I immediately made the turn.
There is nothing out here but farm land and woods. I make a couple more turns, find a small parking lot on a dirt road with a sign pointing up a wooded path. (To be fair, at this point, I did a Google search of the pagoda to make sure it was real and not some kind of back country trap!)
But even then, I wasn’t prepared for the size and scope of this stupa. Once I popped out of the woods, it took me a few minutes to orient myself to what I was seeing - the enormous white pagoda, with two tiers and delicate gardens. In the center was a large Buddha, and stations around the upper tier telling the story of Buddha’s life.
I’ve visited stupas in India and Nepal, but never expected to encounter anything like this here. So I sat down to try to make sense of the pagoda. That’s when the family approaches.
The boys in the group sound young, maybe teenagers. There’s an older voice, perhaps the dad, who is egging them on as they crash down the trail toward the opening, getting louder and louder as they walk.
Finally, a woman’s voice cuts through the noise. “Listen, you guys, there might be other people here so can you for once not act like a bunch of assholes?”
I laugh. They all laugh, but they don’t quiet down. Not even a scolding mom can make that happen.
But their back and forth does end, and abruptly, the moment they hit the end of the clearing and the enormous pagoda comes into view. One of them actually gasps.
“What the heck?” I hear one of the boys say.
Indeed. What the heck?
It turns out that this incredible place is the brainchild of a Japanese Buddhist nun by the name of Jun Yasuda.
For decades, Jun was an activist, holding peace walks and marches in support of Native American rights and anti-war causes. In 1983, while in the middle of an anti-war fast on the steps of the Albany capital building, Jun was approached by Henry “Hank” Hazelton. During World War Two, Hank was a consciencous objector, not an easy thing to be back then. After the war, Hank traveled to Japan and saw first hand the devestating effects of the atomic bomb.
He vowed to do something with his life to promote peace. Meeting Jun on those steps, he understood what that something was going to be.
Hank offered Jun this parcel of land and together they set about building their Peace Pagoda. Hank lived long enough to witness the dedication of the pagoda in 1995 and Jun still lives and caretakes here. Her small home is attached to a nearby, traditional temple.

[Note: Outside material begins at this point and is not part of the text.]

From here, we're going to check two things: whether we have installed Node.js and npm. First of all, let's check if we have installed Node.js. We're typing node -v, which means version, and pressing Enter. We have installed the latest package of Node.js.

Before the family arrived, I had already walked both tiers of the pagoda, and stolled around the small pond. Now, with the family here, I explore the small woodland area near the temple, and as I do, I come across the tiny burial marker of Hank himself.
From the upper tier of the distant pagoda, I can hear the boys calling to each other. “Look at this, look at this,” one is shouting and pointing at Buddha.

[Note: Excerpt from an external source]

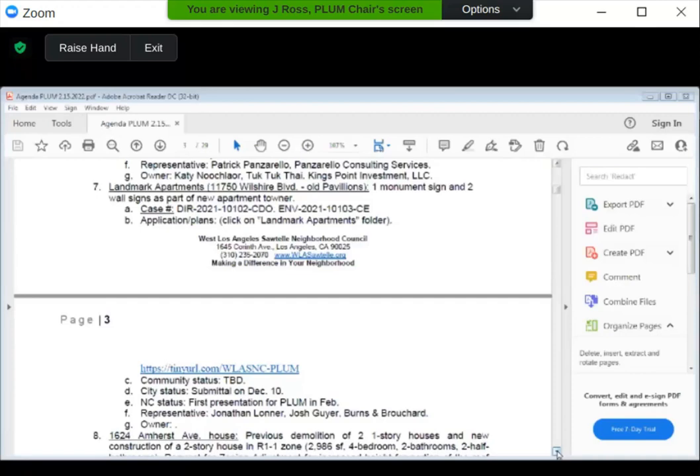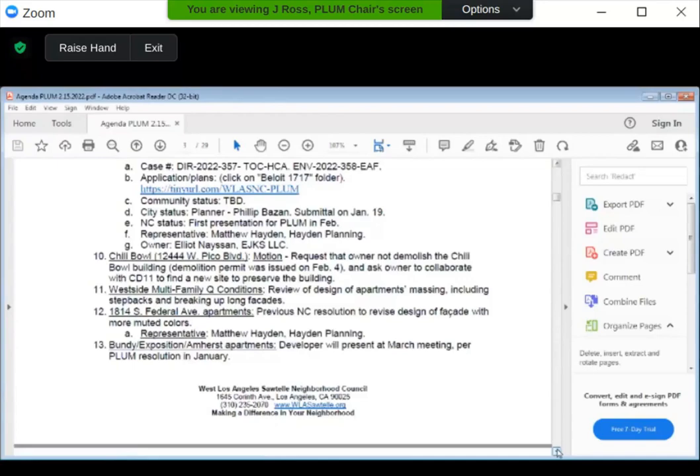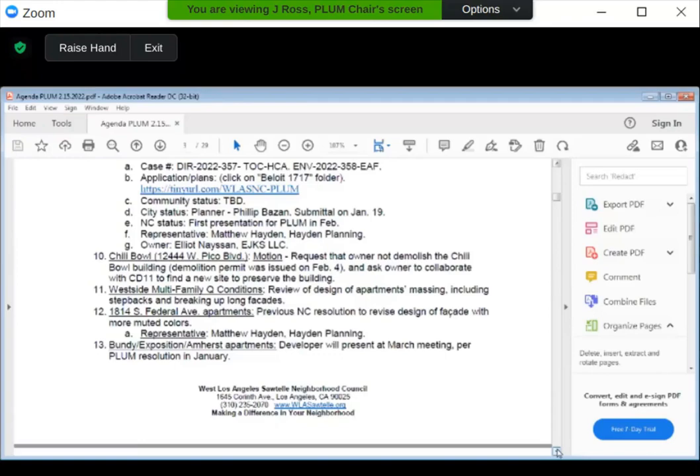We'll be done soon, guys. I know it's late. Haven't we already passed? We did in support of it. So this motion requests the owner not to demolish it because a demolition permit is issued. Ask the owner to collaborate with our council office to find a new site to preserve it, because originally we wanted to preserve it off-site and they reneged on their offer to do that. And so the only alternative now is to find a new site.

Maybe they’re a step closer to peace. Maybe not. Maybe this place will speak to them, like it does to me. Or perhaps they’ll forget about it all tomorrow. I don’t know.
But I’m glad the Peace Pagoda exists, its brilliant white dome sparkling to the heavens. I’m glad I’m on the road again, and I’m glad I followed that sign.
“Well done, Hank,” I whisper. The boys laugh as I step back into the woods to head for home
.
I visited there a few years ago with my friend, poet Charlie Rossiter. Had the good fortune to spend some vibrant time with Jun as we sipped a special green tea from Japan that she served us. Talked about poetry, peace, Ryokan. I gave her a book of my haiku and she gave me a pottery cup that her mother had made. Truly an amazing experience.
This is wonderful to read about in my early morning and somehow the combination of the boys energy and the place of peace is just right.